:: ABOUT THIS EXERCISE ::
In the listing below, locate the line containing "Beige corduroy storage"; reproduce that line and all lines that follow it, unchanged.
----- DATA FOR REVIEW -----
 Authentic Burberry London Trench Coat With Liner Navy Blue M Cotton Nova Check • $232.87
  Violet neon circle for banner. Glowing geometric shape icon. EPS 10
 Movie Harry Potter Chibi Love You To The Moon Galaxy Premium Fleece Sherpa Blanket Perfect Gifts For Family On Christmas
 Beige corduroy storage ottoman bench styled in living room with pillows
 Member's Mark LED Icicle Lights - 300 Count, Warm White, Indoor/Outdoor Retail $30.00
-----
:: RESPONSE FOR THIS EXERCISE ::
 Beige corduroy storage ottoman bench styled in living room with pillows
 Member's Mark LED Icicle Lights - 300 Count, Warm White, Indoor/Outdoor Retail $30.00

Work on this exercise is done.